Lembrei-me de uma passagem de um clássico da literatura universal, As Mil e Uma Noites (Editora Brasiliense), uma coletânea de histórias de origem persa narradas por sua principal personagem, a princesa árabe Xerazade, esposa do rei Xariar. “Você vai morrer!”, disse o monarca, “você morreria nem se fosse apenas para eu ouvir sua cabeça falar depois de separada do corpo”.
Suspeito de espionar, o médico Dubane fora condenado à morte, porém, antes da execução, desafiou o monarca a ler um livro que faria sua cabeça decapitada falar. O rei caiu na armadilha e começou a ler as páginas do livro, molhando o dedo na própria saliva para separá-las. A cabeça amaldiçoada esperou o veneno fazer efeito e, antes do rei o morrer, declamou:
Eles julgaram a seu modo
E se acumpliciaram nesse trabalho
Dentro em pouco, seu poder parecerá que
nunca existiu
Poderiam ter permanecidos justos e puros
mas abusaram do poder
e o mundo por seu turno os oprimiu
assim como a adversidade e a provação
Ei-los vivendo na miséria. Seu presente
É tão-somente o fruto do seu passado.
Quem censurará o mundo
Por tratá-los assim.
O poema ajuda a entender a derrocada de governos, regimes e até civilizações. Não é o caso ainda do governo Bolsonaro, ao completar 1.000 dias, mas é o seu rumo atual. Na última sexta-feira, o preço médio da gasolina era R$ 6,09, mesmo subsidiada pela Petrobras. Ontem, o dólar estava cotado a R$ 5,37. O Imperador brasileiro Dom Pedro II soube bem o que é isso. Foi o primeiro a traduzir diretamente As Mil e Uma Noites para o português, com rigor raro para a época. Aos 62 anos, pouco antes da Abolição e da Proclamação da República, começou o trabalho. O último registro de texto traduzido é de novembro de 1891, um mês antes de sua morte em Paris, no exílio. Não conseguiu concluir a obra.

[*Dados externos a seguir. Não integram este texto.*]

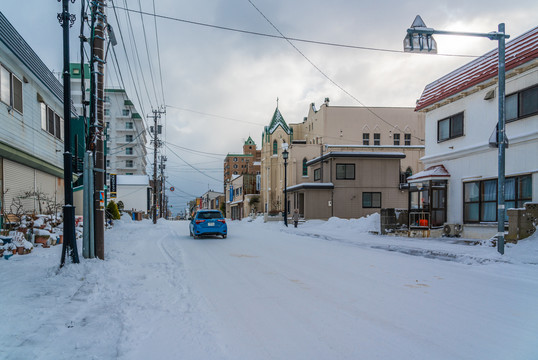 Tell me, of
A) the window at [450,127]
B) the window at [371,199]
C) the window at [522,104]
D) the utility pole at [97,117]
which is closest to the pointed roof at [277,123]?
the window at [371,199]

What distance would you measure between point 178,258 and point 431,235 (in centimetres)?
1260

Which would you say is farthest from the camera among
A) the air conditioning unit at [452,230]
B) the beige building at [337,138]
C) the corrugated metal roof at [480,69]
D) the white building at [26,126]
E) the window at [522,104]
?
the beige building at [337,138]

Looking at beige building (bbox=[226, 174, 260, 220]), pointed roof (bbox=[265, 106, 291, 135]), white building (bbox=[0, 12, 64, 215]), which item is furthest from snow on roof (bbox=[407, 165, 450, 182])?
beige building (bbox=[226, 174, 260, 220])

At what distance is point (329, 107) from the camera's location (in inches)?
1960

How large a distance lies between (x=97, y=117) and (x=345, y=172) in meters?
29.6

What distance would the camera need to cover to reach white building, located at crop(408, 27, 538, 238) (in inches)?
581

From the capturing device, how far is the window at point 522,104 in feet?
47.6

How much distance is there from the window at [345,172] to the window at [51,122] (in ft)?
Result: 79.3

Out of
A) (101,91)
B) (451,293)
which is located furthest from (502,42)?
(101,91)

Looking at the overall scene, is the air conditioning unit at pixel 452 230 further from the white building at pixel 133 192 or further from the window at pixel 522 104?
the white building at pixel 133 192

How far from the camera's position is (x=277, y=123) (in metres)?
56.1

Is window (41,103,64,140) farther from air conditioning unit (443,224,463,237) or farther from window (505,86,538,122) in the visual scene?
window (505,86,538,122)

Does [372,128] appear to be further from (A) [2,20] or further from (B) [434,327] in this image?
(B) [434,327]

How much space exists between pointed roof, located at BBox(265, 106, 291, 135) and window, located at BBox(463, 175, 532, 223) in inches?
1537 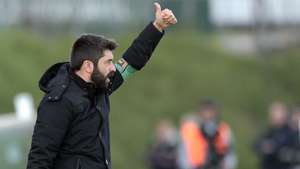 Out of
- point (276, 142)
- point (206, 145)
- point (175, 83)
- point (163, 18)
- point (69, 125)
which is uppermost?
point (163, 18)

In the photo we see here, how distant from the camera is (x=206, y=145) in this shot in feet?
45.4

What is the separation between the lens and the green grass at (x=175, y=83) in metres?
19.1

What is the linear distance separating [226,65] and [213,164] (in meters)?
10.2

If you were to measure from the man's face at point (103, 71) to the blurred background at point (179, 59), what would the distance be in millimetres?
9174

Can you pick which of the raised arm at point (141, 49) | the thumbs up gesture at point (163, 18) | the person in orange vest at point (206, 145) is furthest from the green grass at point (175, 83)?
the thumbs up gesture at point (163, 18)

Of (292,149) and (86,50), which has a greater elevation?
(86,50)

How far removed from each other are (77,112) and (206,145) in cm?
752

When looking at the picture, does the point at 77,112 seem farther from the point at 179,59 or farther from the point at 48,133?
the point at 179,59

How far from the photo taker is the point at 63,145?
644 cm

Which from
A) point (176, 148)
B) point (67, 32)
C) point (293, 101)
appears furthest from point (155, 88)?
point (176, 148)

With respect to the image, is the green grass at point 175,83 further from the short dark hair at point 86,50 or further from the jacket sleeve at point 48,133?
the jacket sleeve at point 48,133

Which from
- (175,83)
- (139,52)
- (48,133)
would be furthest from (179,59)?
(48,133)

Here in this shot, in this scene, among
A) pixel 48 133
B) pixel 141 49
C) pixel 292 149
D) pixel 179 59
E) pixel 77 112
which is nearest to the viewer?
pixel 48 133

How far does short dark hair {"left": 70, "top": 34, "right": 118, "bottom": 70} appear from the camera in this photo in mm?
6516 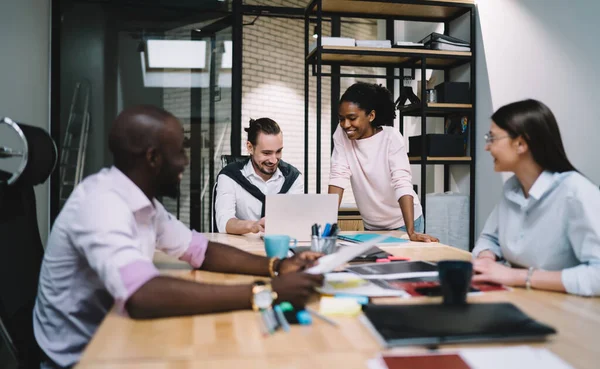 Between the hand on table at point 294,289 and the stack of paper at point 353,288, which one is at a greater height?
the hand on table at point 294,289

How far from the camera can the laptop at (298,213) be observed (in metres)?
2.04

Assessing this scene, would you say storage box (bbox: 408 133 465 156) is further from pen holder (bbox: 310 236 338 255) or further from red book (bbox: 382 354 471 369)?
red book (bbox: 382 354 471 369)

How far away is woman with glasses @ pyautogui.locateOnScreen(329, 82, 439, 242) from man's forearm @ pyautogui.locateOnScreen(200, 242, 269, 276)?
1.33 meters

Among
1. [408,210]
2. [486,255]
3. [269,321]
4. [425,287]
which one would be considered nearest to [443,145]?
[408,210]

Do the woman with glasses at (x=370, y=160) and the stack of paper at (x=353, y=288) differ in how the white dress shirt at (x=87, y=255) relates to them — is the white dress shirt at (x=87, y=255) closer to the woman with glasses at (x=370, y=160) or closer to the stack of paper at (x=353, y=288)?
the stack of paper at (x=353, y=288)

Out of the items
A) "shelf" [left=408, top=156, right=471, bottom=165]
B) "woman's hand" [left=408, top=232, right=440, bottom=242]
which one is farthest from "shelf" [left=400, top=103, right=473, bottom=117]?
"woman's hand" [left=408, top=232, right=440, bottom=242]

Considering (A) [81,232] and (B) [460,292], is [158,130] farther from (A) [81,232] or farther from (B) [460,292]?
(B) [460,292]

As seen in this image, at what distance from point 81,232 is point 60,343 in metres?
0.34

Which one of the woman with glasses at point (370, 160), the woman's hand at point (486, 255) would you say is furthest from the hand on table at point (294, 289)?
the woman with glasses at point (370, 160)

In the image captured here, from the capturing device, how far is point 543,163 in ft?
4.79

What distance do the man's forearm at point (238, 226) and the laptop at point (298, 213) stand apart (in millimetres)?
241

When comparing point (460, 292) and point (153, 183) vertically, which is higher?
point (153, 183)

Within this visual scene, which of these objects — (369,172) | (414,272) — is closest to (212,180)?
(369,172)

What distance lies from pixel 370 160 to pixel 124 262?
6.34 ft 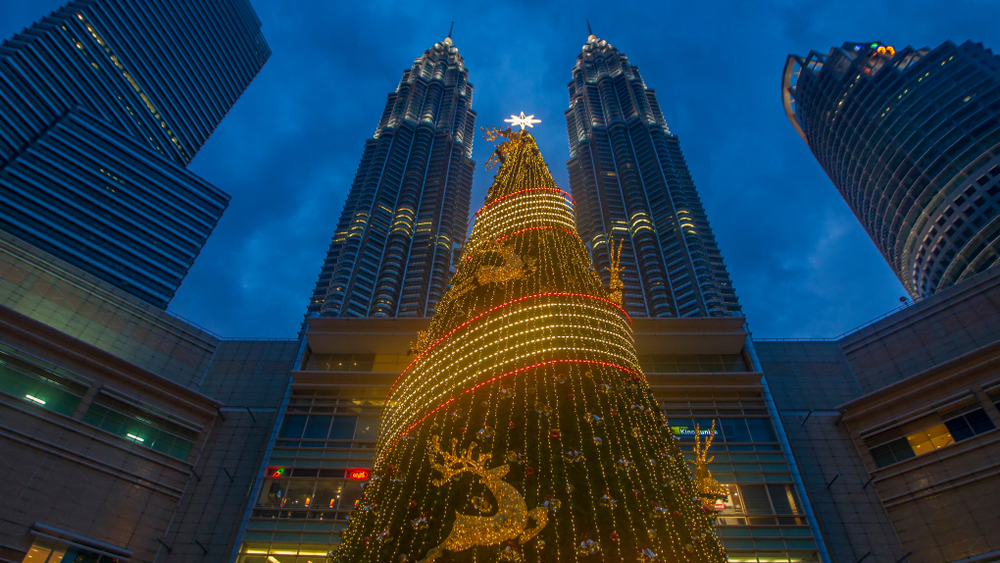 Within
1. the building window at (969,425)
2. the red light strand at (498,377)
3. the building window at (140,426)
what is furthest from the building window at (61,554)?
the building window at (969,425)

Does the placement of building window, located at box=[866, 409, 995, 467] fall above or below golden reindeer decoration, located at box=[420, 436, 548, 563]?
above

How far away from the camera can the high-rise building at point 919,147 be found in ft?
177

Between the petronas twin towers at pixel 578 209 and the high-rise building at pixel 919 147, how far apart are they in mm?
24456

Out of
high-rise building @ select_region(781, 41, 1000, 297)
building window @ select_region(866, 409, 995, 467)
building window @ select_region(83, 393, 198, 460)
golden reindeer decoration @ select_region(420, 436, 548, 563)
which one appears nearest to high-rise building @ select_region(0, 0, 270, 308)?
building window @ select_region(83, 393, 198, 460)

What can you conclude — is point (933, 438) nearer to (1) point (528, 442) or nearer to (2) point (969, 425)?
(2) point (969, 425)

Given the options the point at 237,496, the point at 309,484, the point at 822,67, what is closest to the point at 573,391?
the point at 309,484

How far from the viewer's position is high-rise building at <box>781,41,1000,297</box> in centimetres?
5394

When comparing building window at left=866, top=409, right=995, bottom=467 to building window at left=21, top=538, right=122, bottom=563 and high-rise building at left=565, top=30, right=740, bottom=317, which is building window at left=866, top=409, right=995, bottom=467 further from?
high-rise building at left=565, top=30, right=740, bottom=317

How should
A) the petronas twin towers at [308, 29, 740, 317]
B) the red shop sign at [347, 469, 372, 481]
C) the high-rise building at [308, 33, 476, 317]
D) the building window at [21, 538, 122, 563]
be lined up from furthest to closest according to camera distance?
the high-rise building at [308, 33, 476, 317] → the petronas twin towers at [308, 29, 740, 317] → the red shop sign at [347, 469, 372, 481] → the building window at [21, 538, 122, 563]

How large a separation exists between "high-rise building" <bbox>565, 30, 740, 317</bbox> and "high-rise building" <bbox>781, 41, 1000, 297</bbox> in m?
24.2

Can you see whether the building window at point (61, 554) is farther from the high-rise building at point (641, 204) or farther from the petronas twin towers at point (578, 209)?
the high-rise building at point (641, 204)

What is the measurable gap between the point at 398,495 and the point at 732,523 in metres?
12.0

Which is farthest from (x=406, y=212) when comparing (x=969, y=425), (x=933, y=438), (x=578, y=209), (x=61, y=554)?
(x=969, y=425)

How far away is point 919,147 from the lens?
196 ft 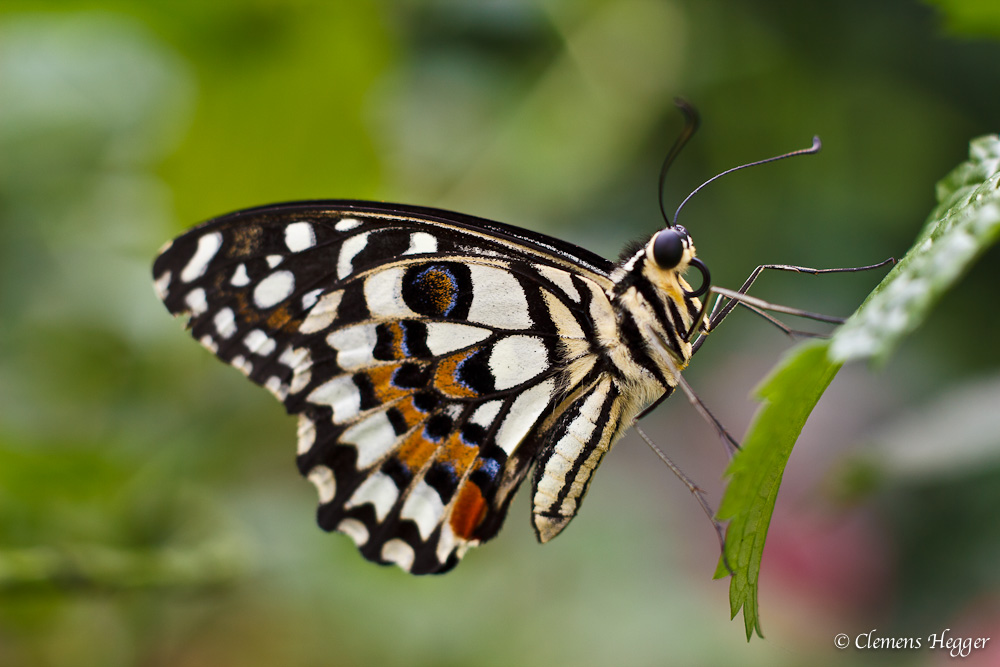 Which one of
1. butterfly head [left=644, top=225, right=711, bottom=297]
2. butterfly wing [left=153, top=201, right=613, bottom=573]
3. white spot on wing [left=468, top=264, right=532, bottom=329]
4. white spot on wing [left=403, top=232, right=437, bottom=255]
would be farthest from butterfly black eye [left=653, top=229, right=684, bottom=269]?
white spot on wing [left=403, top=232, right=437, bottom=255]

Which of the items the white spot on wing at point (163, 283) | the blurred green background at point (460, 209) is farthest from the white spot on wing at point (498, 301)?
the blurred green background at point (460, 209)

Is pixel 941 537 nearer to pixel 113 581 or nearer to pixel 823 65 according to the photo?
pixel 823 65

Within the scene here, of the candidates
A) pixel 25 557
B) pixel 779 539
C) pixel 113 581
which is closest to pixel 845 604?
pixel 779 539

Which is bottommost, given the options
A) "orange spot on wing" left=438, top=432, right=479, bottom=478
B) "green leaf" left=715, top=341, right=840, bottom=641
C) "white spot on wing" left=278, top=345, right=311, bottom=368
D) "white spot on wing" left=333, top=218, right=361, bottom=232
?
"green leaf" left=715, top=341, right=840, bottom=641

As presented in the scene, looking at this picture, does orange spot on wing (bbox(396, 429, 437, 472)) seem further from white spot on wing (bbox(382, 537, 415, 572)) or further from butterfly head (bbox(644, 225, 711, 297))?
butterfly head (bbox(644, 225, 711, 297))

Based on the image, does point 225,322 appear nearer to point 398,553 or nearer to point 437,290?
point 437,290

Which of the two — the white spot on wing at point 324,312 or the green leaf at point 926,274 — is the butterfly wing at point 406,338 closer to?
the white spot on wing at point 324,312

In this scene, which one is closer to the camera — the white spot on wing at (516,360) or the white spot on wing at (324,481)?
the white spot on wing at (516,360)
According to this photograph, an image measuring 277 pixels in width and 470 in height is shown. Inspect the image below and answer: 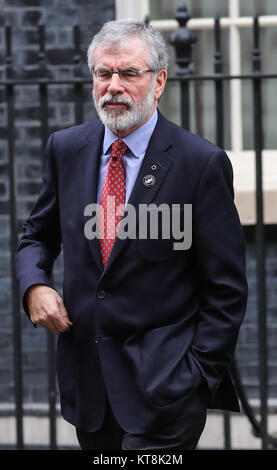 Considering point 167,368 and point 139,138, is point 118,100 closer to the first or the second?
point 139,138

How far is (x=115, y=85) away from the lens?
2963mm

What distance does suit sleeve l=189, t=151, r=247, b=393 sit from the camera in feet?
10.0

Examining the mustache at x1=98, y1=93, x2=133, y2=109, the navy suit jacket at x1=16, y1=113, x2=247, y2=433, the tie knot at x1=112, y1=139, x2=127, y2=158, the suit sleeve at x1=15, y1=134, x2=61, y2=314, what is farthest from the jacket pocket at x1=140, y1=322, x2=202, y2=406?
the mustache at x1=98, y1=93, x2=133, y2=109

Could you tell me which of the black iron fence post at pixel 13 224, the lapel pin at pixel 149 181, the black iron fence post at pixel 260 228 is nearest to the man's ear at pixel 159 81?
the lapel pin at pixel 149 181

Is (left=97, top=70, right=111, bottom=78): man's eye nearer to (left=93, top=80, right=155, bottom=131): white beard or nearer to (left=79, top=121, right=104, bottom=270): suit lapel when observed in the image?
(left=93, top=80, right=155, bottom=131): white beard

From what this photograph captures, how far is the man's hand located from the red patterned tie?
0.65ft

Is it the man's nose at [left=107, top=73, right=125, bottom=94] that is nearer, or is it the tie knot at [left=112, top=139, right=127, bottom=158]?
the man's nose at [left=107, top=73, right=125, bottom=94]

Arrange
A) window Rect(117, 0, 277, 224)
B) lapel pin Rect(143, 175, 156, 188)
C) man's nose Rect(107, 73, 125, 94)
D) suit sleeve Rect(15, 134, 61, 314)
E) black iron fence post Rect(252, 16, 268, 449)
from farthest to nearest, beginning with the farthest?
window Rect(117, 0, 277, 224) → black iron fence post Rect(252, 16, 268, 449) → suit sleeve Rect(15, 134, 61, 314) → lapel pin Rect(143, 175, 156, 188) → man's nose Rect(107, 73, 125, 94)

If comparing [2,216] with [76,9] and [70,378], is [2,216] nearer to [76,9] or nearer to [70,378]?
[76,9]

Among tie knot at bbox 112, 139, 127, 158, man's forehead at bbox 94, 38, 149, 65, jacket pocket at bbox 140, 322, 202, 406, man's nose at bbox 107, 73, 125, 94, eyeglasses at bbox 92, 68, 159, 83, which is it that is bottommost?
jacket pocket at bbox 140, 322, 202, 406

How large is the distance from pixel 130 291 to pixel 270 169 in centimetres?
303

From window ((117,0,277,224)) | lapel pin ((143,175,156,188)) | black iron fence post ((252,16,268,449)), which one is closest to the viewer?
lapel pin ((143,175,156,188))

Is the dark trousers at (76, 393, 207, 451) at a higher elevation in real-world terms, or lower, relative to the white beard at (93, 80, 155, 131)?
lower

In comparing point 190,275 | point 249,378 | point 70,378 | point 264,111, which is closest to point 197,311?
point 190,275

Entretanto, ninguém pense que Bolsonaro está jogando a toalha. Apesar das dificuldades eleitorais, não se sente estrategicamente derrotado. O seu discurso de ontem, ao se referir à facada que levou na campanha de 2018, constrói um cenário imaginário no qual a eventual vitória de seu adversário principal nas eleições de 2018, o ex-ministro da Educação Fernando Haddad (PT), faria com que a situação fosse muito pior: “É só imaginar quem estaria no meu lugar. O perfil dessa pessoa, o seu alinhamento com outros países do mundo, em especial aqui na América do Sul. Onde nós estaríamos agora?”, indagou. Obviamente, a comparação é com a Venezuela: “Você já sabe qual o filme do futuro porque você viveu 14 anos passados esse filme. E pode ter certeza, não serão apenas mais 14 anos. Serão no mínimo 50. É isso que queremos para a nossa pátria?”
Bolsonaro administra mal o próprio tempo, o recurso mais escasso de seu mandato. Governa para os seus, olhando sempre para trás. Constrói um cenário político que lembra um pouco a disputa de 1950, na qual Getulio Vargas voltou à Presidência pelo voto. Naquela campanha, o líder da UDN, Carlos Lacerda, que mais tarde seria governador da antiga Guanabara, dizia que Vargas não poderia ser candidato; se fosse candidato, não deveria ganhar; se ganhasse, não deveria tomar posse; se tomasse posse, deveria ser derrubado.
Lacerda foi um opositor implacável, mas sofreu um atentado, na Rua Tonelero, em Copacabana, onde morava, sendo ferido na perna. No episódio, morreu o major Rubens Vaz, seu amigo, que cuidava da sua segurança. O envolvimento de Gregório Fortunato, chefe da segurança pessoal do presidente, no crime, e de Benjamin Vargas, seu irmão, encurralou e levou Vargas ao suicídio, em 24 de agosto de 1954. A analogia serve para mostrar que a atual polarização política não se resolverá na eleição. Deixou de ser eleitoral: é mais profunda e, tudo indica, veio para ficar.